Limitations & Future Work

  • The Token Decoder occasionally produces imprecise mask localization—particularly when adding objects, the mask region is smaller than expected, as the underlying IP2P diffusion model is not optimized for masked editing.
  • The editing capability of the base diffusion model (Stable Diffusion) imposes an upper bound on overall performance.
  • Training data relies on ChatGPT-4V to generate non-executable instructions, which may introduce biases.
  • Validation is limited to the IP2P framework; integration with more recent editing frameworks (e.g., FLUX-based editors) has not been explored.
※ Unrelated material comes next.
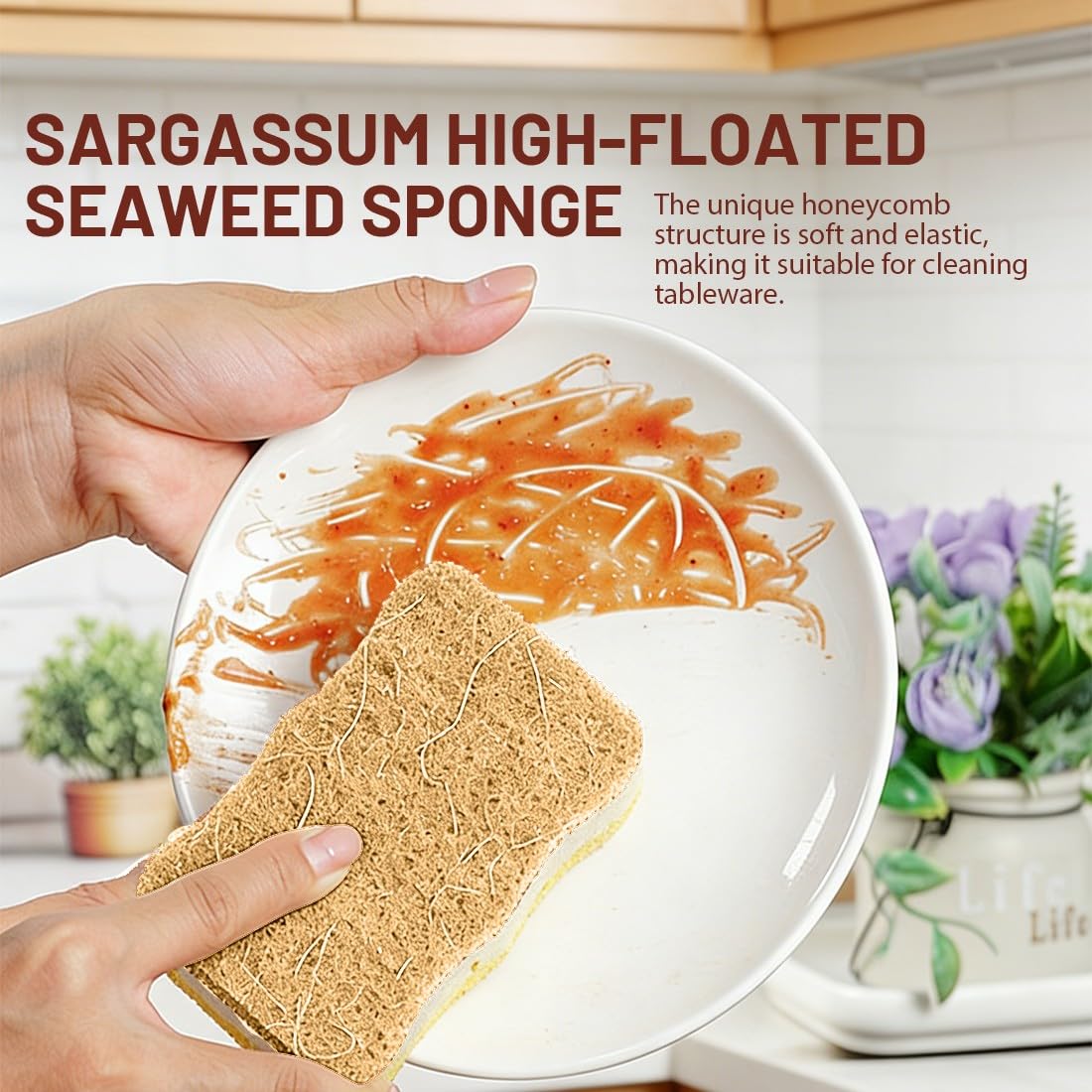 6 Piezas Esponja de Cocina Natural de Sisal Estropajo Cocina de Doble Cara Esponja para Lavar Platos Lavable y Ecológica para Menaje y Encimeras - 3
  • The context-aware evaluation dataset is relatively small in scale (approximately 2,600 samples).
  • FoI: The strongest competitor, using cross-attention for multi-instruction editing, but dependent on GPT for keyword extraction and prone to attention map misalignment.
  • SmartEdit: Uses an MLLM to enhance instruction understanding, but lacks context-awareness and treats all instructions equally.
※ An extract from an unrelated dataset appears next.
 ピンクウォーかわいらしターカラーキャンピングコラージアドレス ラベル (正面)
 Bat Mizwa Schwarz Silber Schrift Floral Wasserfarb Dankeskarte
  • LISA / GSVA: The [SEG] token design in referring segmentation MLLMs inspired CAMILA's [MASK]/[NEG] scheme.
  • Core insight: editing models should not blindly comply with all instructions—the ability to "refuse" unreasonable operations is itself a manifestation of intelligence.

Rating

⭐⭐⭐⭐ — The newly defined task (context-aware editing) addresses a genuine practical need, the [MASK]/[NEG] design is concise and effective, and CAMILA substantially outperforms FoI in multi-instruction scenarios. Drawbacks include reliance on the relatively dated IP2P framework and room for improvement in mask precision.